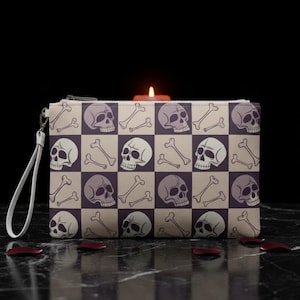 May include: A rectangular clutch bag with a zip and wrist strap. The bag displays a repeating pattern of skulls and crossbones on a checkered beige and purple background. A lit candle is positioned behind the clutch.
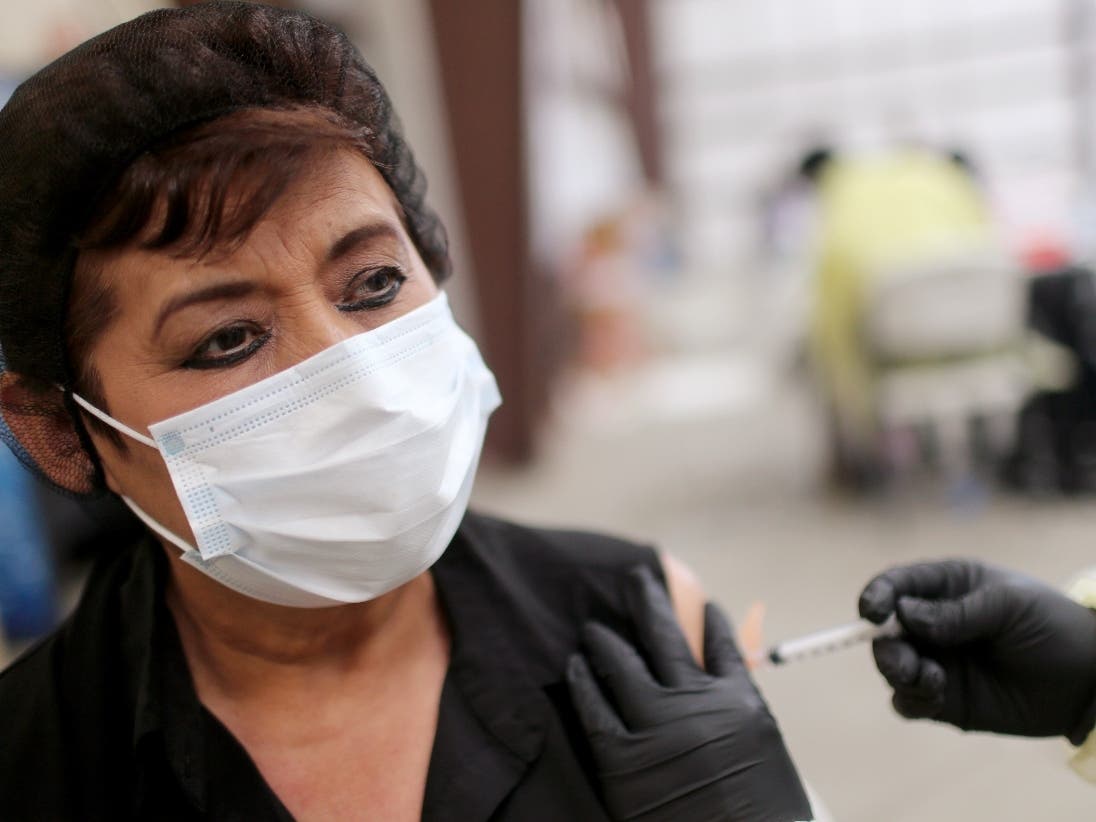 A woman in Riverside County receives the one-dose Johnson & Johnson vaccine.  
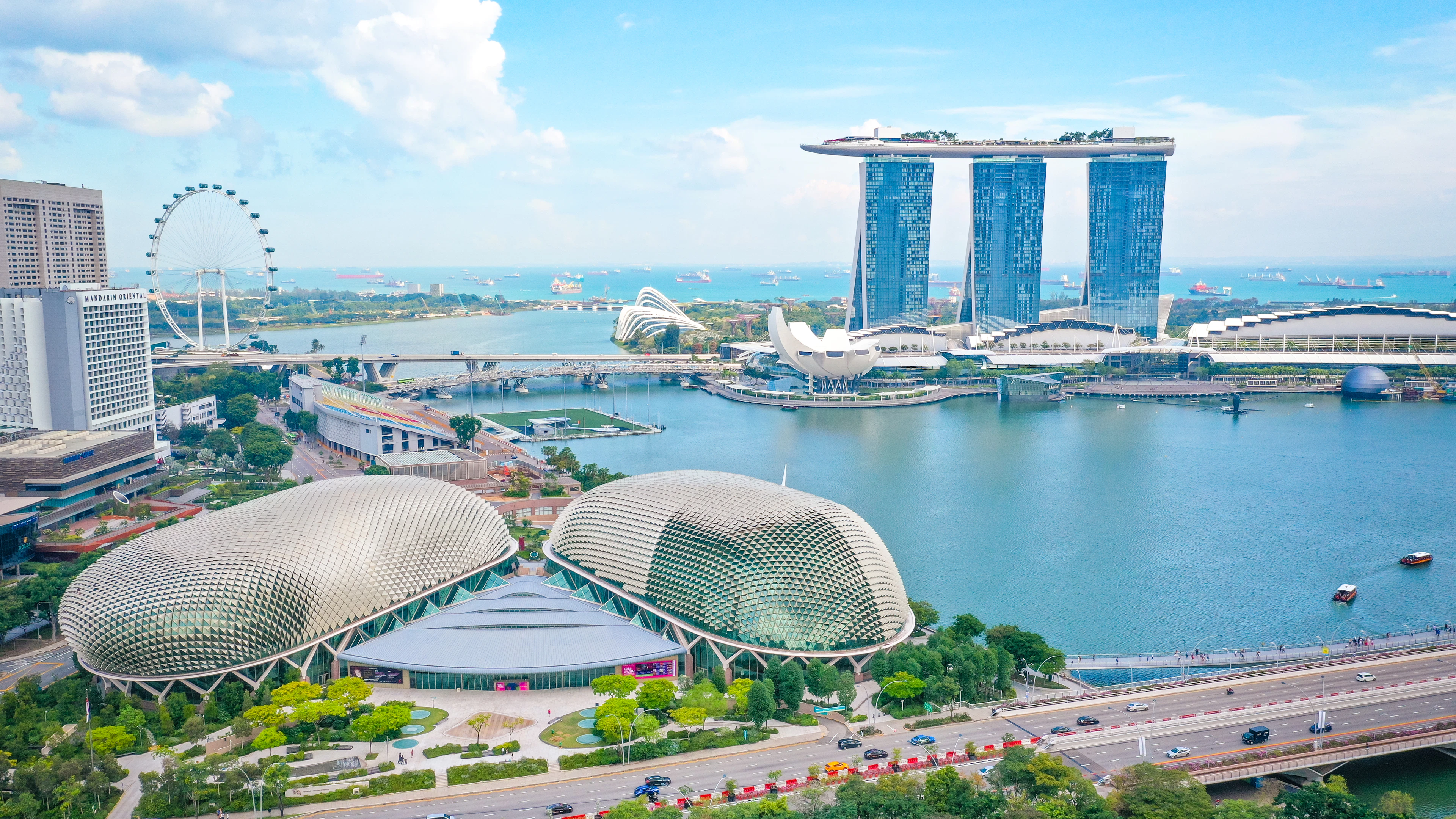 Aerial view over Marina Bay with the Singapore Flyer, Esplanade domes and Marina Bay Sands under a bright blue sky.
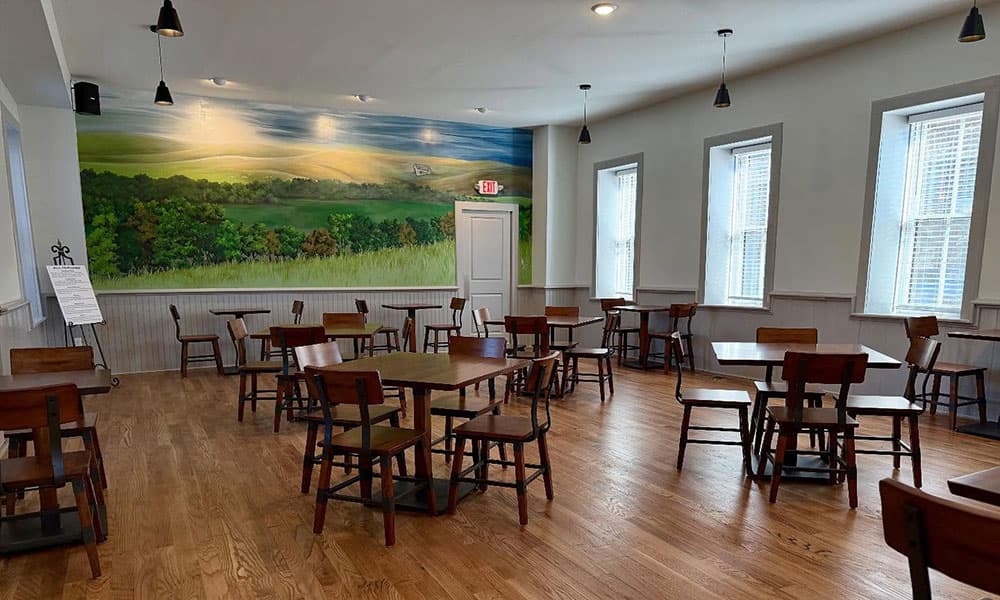 A bright, empty dining room with wooden tables and chairs, featuring a large landscape mural on one wall.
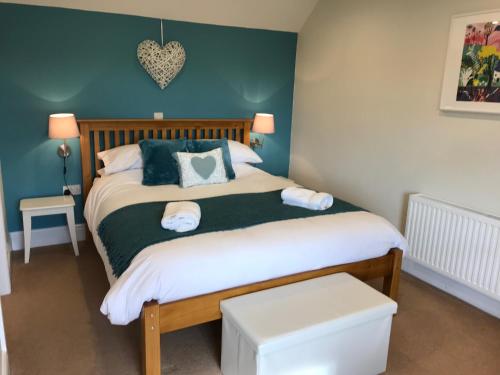 een slaapkamer met een bed met groene muren bij Crannaford Cottage in Broad Clyst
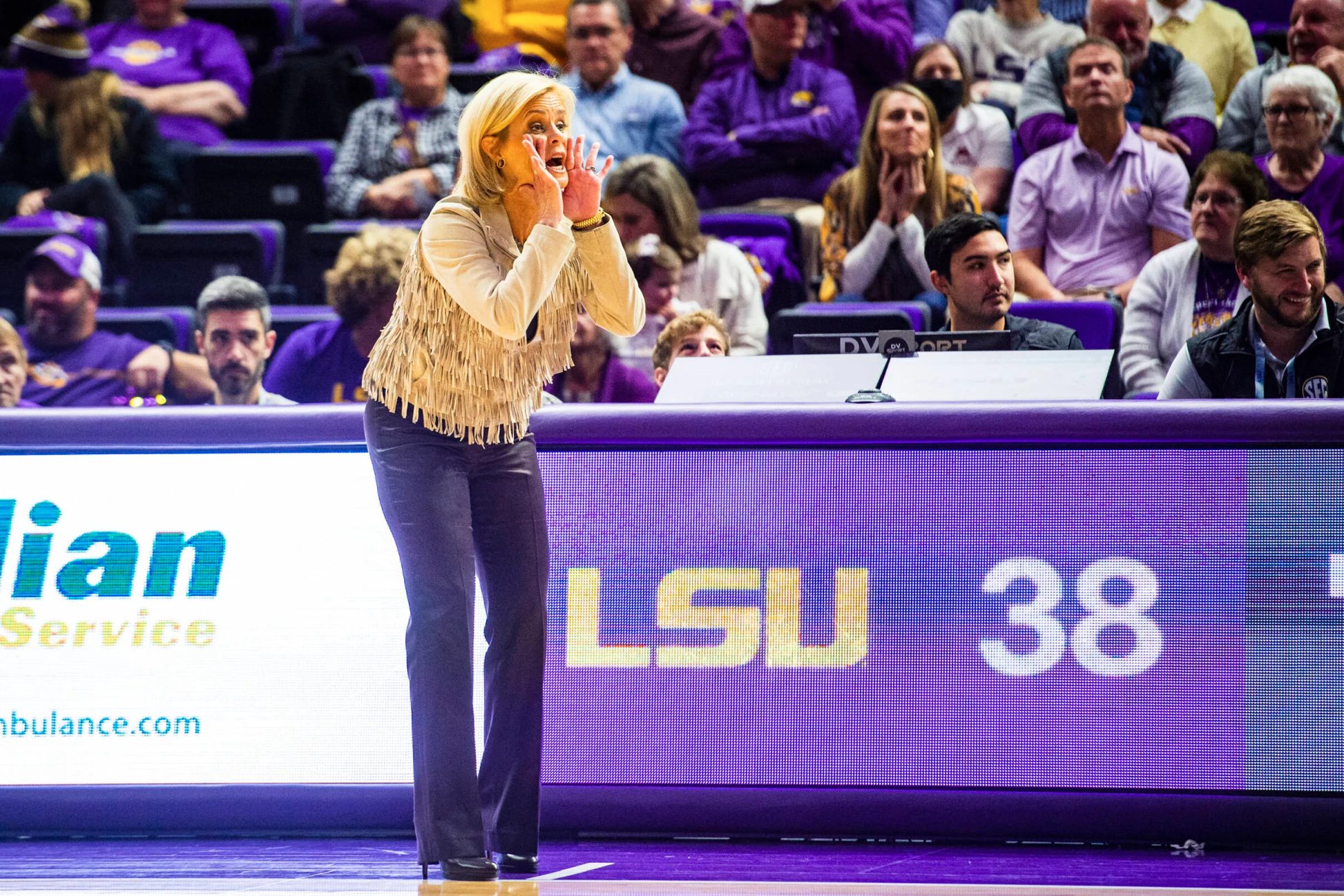 Coach Kim Mulkey calls out a play during a basketball game against FGCU.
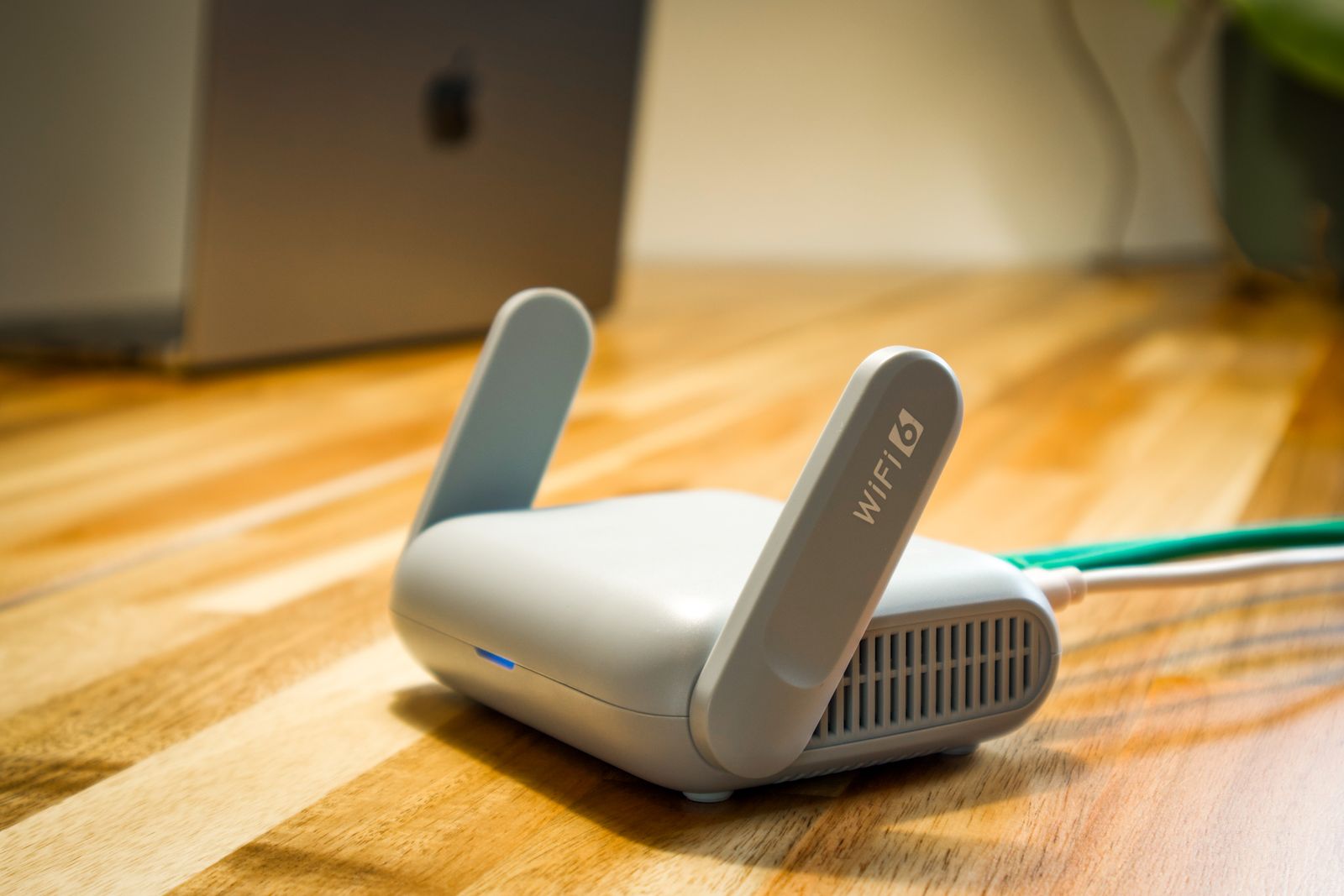 Modern Wi-Fi router on a wooden desk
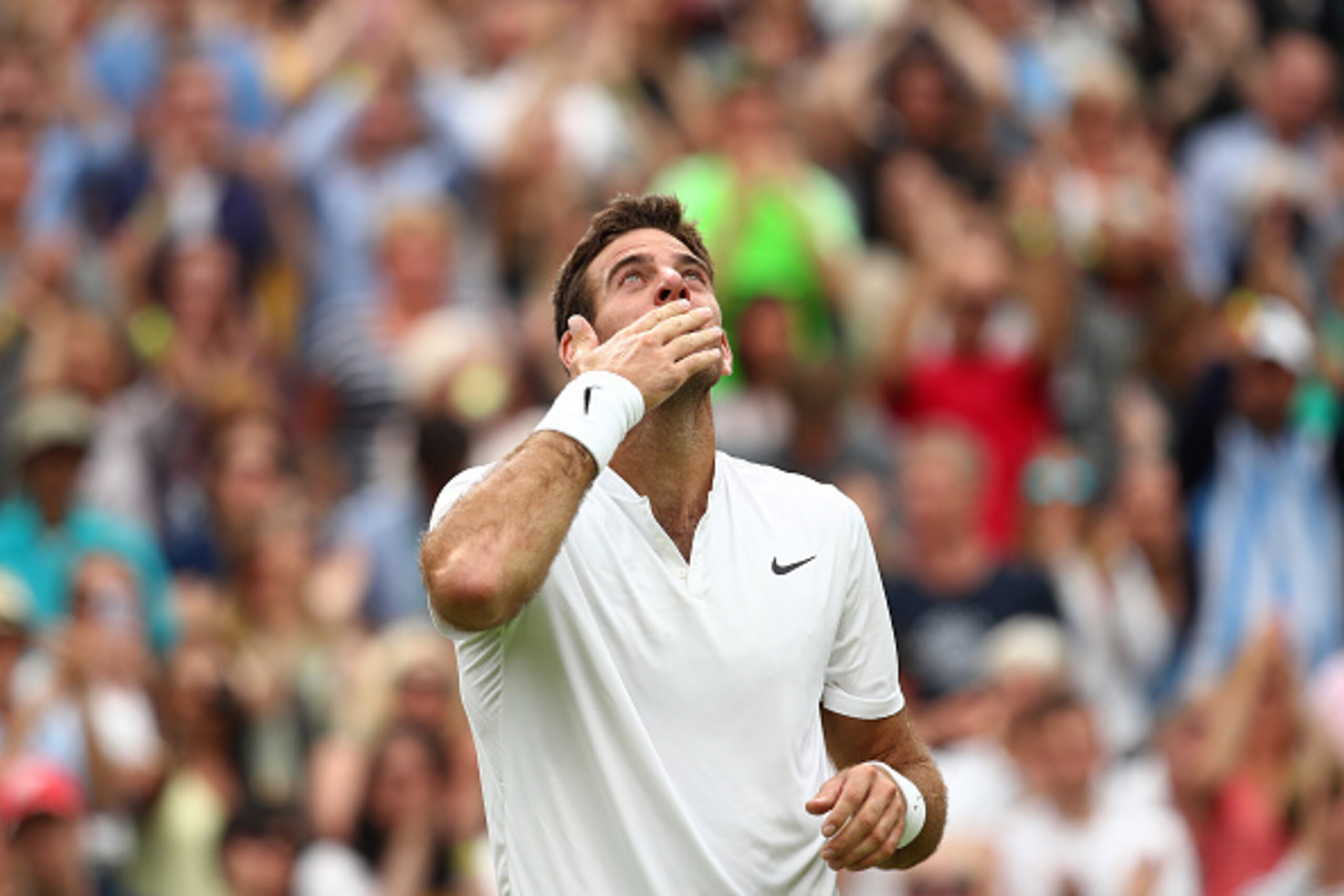 LONDON, ENGLAND - JULY 01:  Juan Martin Del Potro of Argentina celebrates victory during the Men's Singles second round match against Stan Wawrinka of Switzerland on day five of the Wimbledon Lawn Tennis Championships at the All England Lawn Tennis and Cr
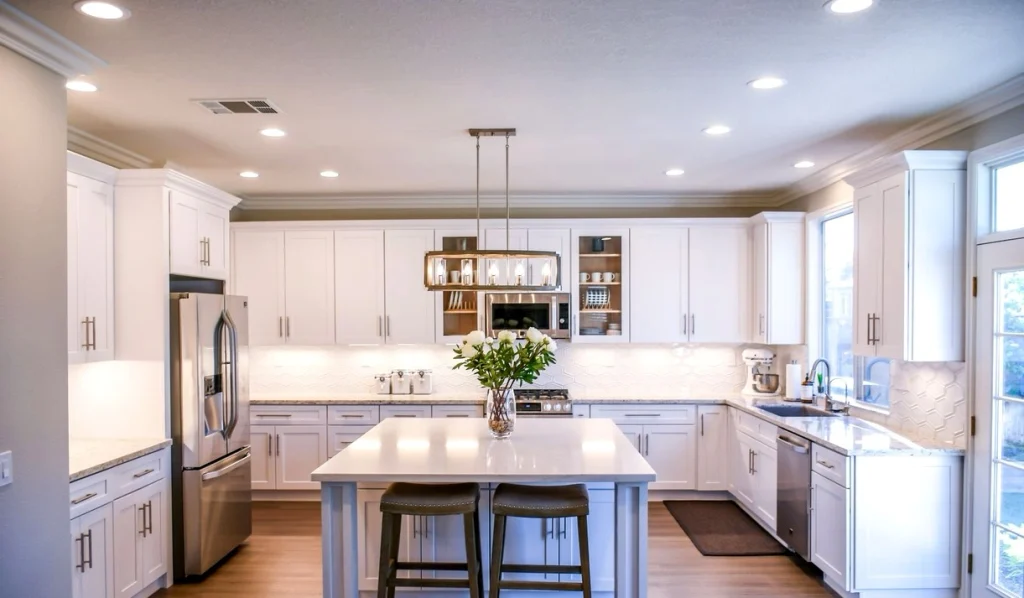 White modern kitchen cabinets with under-cabinet lighting and two stools at a central island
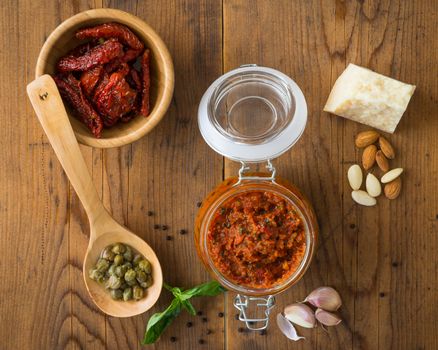 Pesto with dry tomatoes and almonds in a glass jar on a wooden table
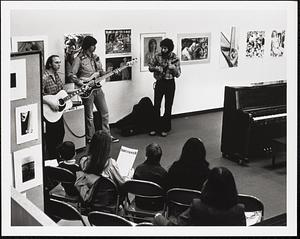 Guitar performance before an audience in the GCC art gallery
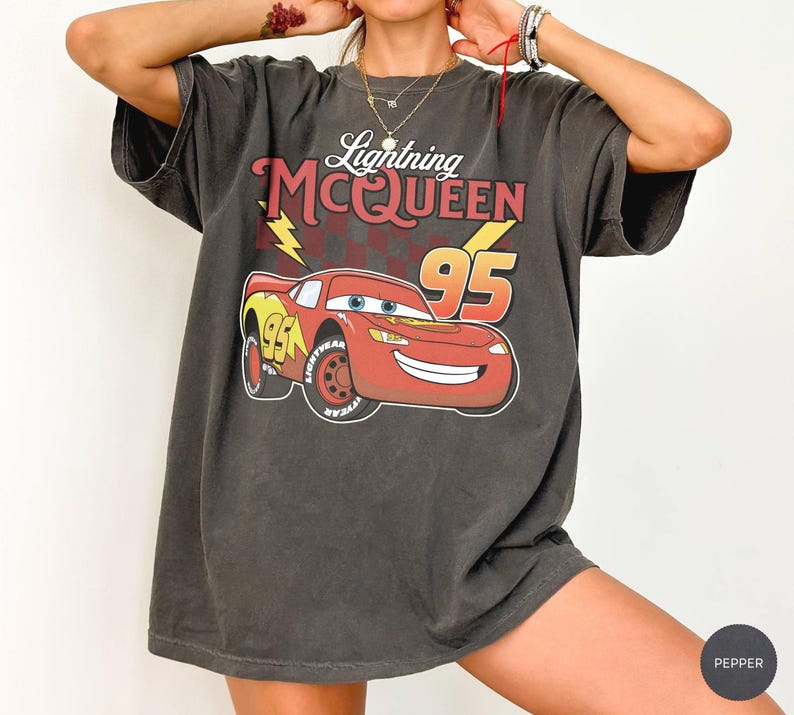 May include: A charcoal gray short-sleeve t-shirt featuring a graphic of the red race car Lightning McQueen with the text Lightning MCQUEEN and the number 95. The design includes a yellow lightning bolt and a dark red checkered pattern background.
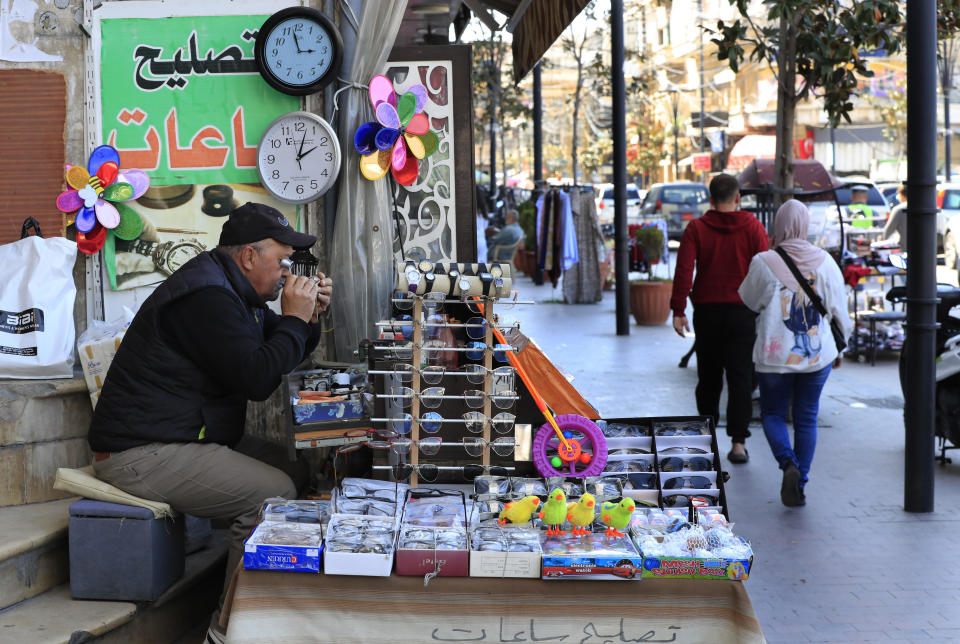 Salah Nasab, a Lebanese street vendor who also sells and repairs clocks, sits next to two clocks that show different times in the southern port city of Sidon, Lebanon, March 27, 2023. / Credit: Mohammad Zaatari/AP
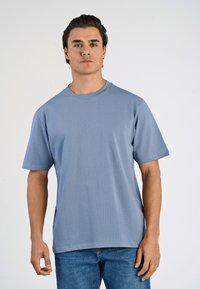 Jasnoniebieska koszulka z krótkim rękawem, uszyta z gładkiego materiału, z okrągłym dekoltem, luźnym krojem i prostym dołem; zestawiona z niebieskimi dżinsami.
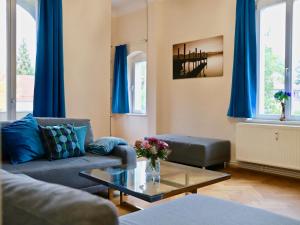 ein Wohnzimmer mit einem Sofa und einem Tisch in der Unterkunft Residenz am Dresdner Stadtwald in Dresden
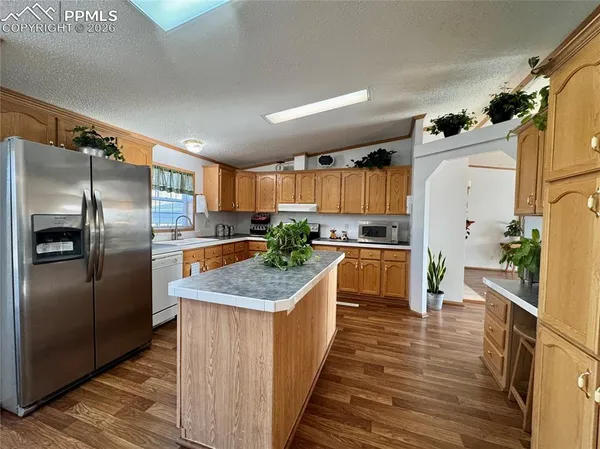 a kitchen with granite countertop a refrigerator and a sink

**********

_Your task:_ Ignoring the pictures, write out word for word the lines from the line containing "May include: A charcoal" through the end of the material above.

_Task response:_
 May include: A charcoal gray short-sleeve t-shirt featuring a graphic of the red race car Lightning McQueen with the text Lightning MCQUEEN and the number 95. The design includes a yellow lightning bolt and a dark red checkered pattern background.
 Salah Nasab, a Lebanese street vendor who also sells and repairs clocks, sits next to two clocks that show different times in the southern port city of Sidon, Lebanon, March 27, 2023. / Credit: Mohammad Zaatari/AP
 Jasnoniebieska koszulka z krótkim rękawem, uszyta z gładkiego materiału, z okrągłym dekoltem, luźnym krojem i prostym dołem; zestawiona z niebieskimi dżinsami.
 ein Wohnzimmer mit einem Sofa und einem Tisch in der Unterkunft Residenz am Dresdner Stadtwald in Dresden
 a kitchen with granite countertop a refrigerator and a sink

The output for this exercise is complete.